» 37 / Sâffât  Suresi:

Kuran Sırası: 37
İniş Sırası: 56

Diyanet İşleri Meali
(1-4) Saf bağlayıp duranlara, haykırarak sevk edenlere ve zikri (Allah’ın kelâmını) okuyanlara andolsun ki, sizin ilâhınız gerçekten bir tek ilâhtır.(37:1)
O, göklerin, yerin ve ikisi arasındakilerin Rabbidir. Doğuların da (Batıların da) Rabbidir.(37:5)
Biz, en yakın göğü zinetlerle, yıldızlarla donattık.(37:6)
Onu itaatten çıkan her şeytandan koruduk.(37:7)
(8-9) Onlar, yüce topluluğu (ileri gelen melekler topluluğunu) dinleyemezler. Kovulmaları için her taraftan taşa tutulurlar. Onlar için sürekli bir azap da vardır.(37:8)
Ancak onlardan söz kapan olur. Onu da delip geçen bir alev izler (ve yok eder).(37:10)
(Ey Muhammed!) Şimdi sen onlara sor: “Kendilerini yaratmak mı daha zor, yoksa yarattığımız diğer şeyleri yaratmak mı?" Şüphesiz biz onları yapışkan bir çamurdan yarattık.(37:11)
Hayır, sen (onların hâline) şaştın, onlar ise alay ediyorlar.(37:12)
Kendilerine öğüt verildiği zaman öğüt almıyorlar.(37:13)
Bir mucize gördükleri zaman onu alaya alıyorlar.(37:14)
(Dediler ki:) “Bu bir büyüden başka bir şey değildir.”(37:15)
“Gerçekten biz, ölüp bir toprak ve kemik yığını hâline geldikten sonra mı, biz mi tekrar diriltileceğiz?”(37:16)

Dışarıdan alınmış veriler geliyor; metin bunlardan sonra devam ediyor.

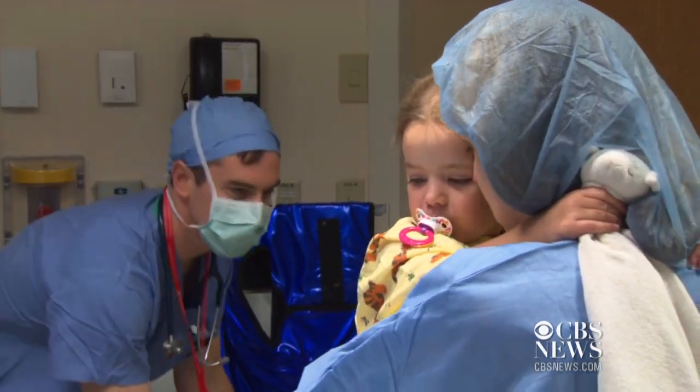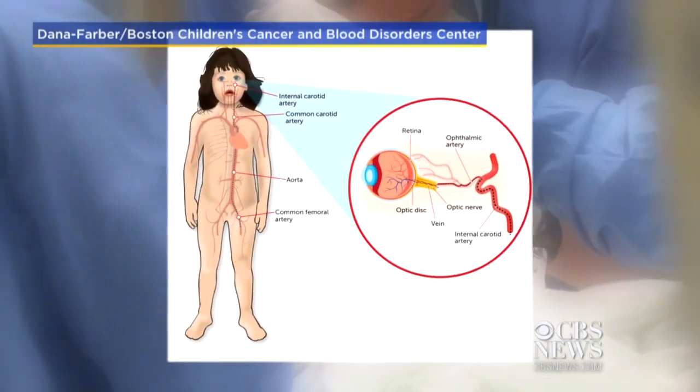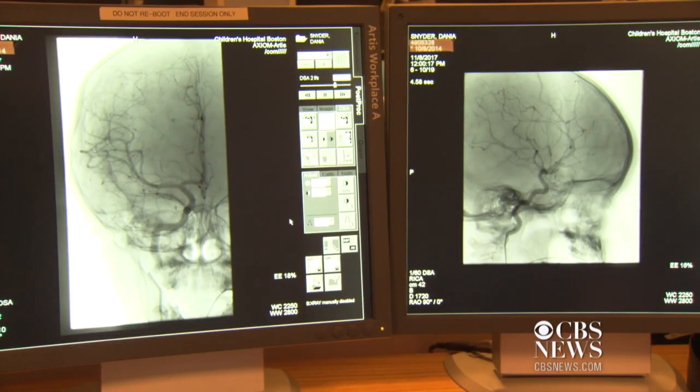Donya is placed under general anesthesia, which can take some negotiation. While asleep, doctors thread a tiny catheter through the groin, through the carotid artery, and into the ophthalmic artery, then inject drugs directly into the eye.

“Önceden gelip geçmiş atalarımız da mı?”(37:17)
De ki: “Evet, hem de siz aşağılanmış kimseler olarak (diriltileceksiniz).”(37:18)
O ancak şiddetli bir sesten ibarettir. Bir de bakarsın ki onlar (diriltilmiş hazır) beklemektedirler.(37:19)
Şöyle diyecekler: “Vay başımıza gelene! Bu beklenen ceza günüdür.”(37:20)
Onlara, “İşte bu, yalanlamakta olduğunuz hüküm ve ayırım günüdür” denilir.(37:21)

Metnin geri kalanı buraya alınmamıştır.